Los Estados ejercen una potestad suprema, en el sentido de que su potestad se encuentra libre de toda sujeción o limitación respecto a una potestad exterior y son formalmente iguales los unos a los otros. La soberanía externa adquiere una significación negativa, mientras que la soberanía interna tendría una significación más positiva, pues comporta un poder de dominación que se ejerce sobre los individuos y grupos sociales, los cuales solo pueden ostentar un poder inferior o subordinado al que detenta el Estado. No obstante, esas dos facetas de la soberanía son dos caras de una misma medalla, toda vez que ambas se reducen, básicamente, a esa concepción única de ostentación de un poder que postula su dominio, independencia y no subordinación respecto a los demás poderes sociales, más o menos organizados. Esa no subordinación se predica de todo poder ajeno, interno o externo.

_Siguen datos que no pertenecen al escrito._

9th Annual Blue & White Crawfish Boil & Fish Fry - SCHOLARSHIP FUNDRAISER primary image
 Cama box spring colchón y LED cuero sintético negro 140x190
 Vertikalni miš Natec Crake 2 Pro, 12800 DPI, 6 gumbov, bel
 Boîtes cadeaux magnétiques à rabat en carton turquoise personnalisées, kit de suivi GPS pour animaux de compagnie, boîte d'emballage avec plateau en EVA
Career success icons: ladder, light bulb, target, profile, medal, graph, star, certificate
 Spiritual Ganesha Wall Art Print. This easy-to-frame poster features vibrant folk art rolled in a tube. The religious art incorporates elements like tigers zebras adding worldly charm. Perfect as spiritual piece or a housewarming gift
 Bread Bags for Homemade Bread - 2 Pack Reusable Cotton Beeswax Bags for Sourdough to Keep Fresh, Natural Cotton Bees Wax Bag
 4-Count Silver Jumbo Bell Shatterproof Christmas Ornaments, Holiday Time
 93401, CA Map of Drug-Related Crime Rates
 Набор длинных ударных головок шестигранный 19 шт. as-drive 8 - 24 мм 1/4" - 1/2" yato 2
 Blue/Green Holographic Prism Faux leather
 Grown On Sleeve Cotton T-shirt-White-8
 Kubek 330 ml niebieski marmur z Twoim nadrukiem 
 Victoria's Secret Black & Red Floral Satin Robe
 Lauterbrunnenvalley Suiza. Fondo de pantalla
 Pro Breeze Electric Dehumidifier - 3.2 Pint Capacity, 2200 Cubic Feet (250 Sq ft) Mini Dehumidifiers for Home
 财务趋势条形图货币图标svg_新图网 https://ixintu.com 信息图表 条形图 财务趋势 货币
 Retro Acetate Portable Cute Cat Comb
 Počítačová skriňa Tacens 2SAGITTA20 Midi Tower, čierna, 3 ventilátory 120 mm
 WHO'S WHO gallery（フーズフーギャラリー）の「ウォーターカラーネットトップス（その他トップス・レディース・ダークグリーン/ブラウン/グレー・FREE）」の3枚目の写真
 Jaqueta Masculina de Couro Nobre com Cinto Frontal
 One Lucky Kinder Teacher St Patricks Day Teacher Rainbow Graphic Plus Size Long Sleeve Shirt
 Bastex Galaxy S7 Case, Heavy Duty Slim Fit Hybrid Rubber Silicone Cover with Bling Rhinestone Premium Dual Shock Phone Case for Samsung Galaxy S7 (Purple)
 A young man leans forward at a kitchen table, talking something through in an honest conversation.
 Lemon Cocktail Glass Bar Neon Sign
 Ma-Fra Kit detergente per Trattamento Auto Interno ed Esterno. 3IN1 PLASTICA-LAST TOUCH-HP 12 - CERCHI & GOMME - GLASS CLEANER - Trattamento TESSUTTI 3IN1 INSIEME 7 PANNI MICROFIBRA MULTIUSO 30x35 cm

Conforme a la doctrina tradicional, el elemento distintivo principal del Estado es precisamente su soberanía, la cual aparece a modo de una condición esencial del Estado moderno. La soberanía no pertenece a las categorías absolutas, sino a las categorías históricas, pues se ha ido construyendo por la concatenación de diversos factores determinantes. Y en estas coordenadas histórico-críticas, la soberanía ha sido en su origen histórico «una concepción de índole política, que sólo más tarde se ha condensado en una de índole jurídica» . De ahí su intrínseca historicidad. La noción de soberanía aparece diferenciada de la potestad estatal. Ésta se resuelve en poderes efectivos, en derechos y facultades activas de dominación, con un contenido fundamentalmente positivo. Por el contrario, en esa estricta idea la soberanía adquiere una dimensión negativa, de manera que el término soberanía, considerado en sí mismo, no revelaría en nada la consistencia misma de la potestad que es soberana. En su originaria significación histórica, la soberanía no es un carácter de la potestad del Estado, y no se confunde con esta última . La evolución histórica de la soberanía pone de relieve que ésta significó la negación de toda subordinación o limitación del Estado por cualquier otro poder. Poder soberano de un Estado equivale a afirmar que no reconoce ningún otro superior a sí; tratándose de un poder supremo e independiente.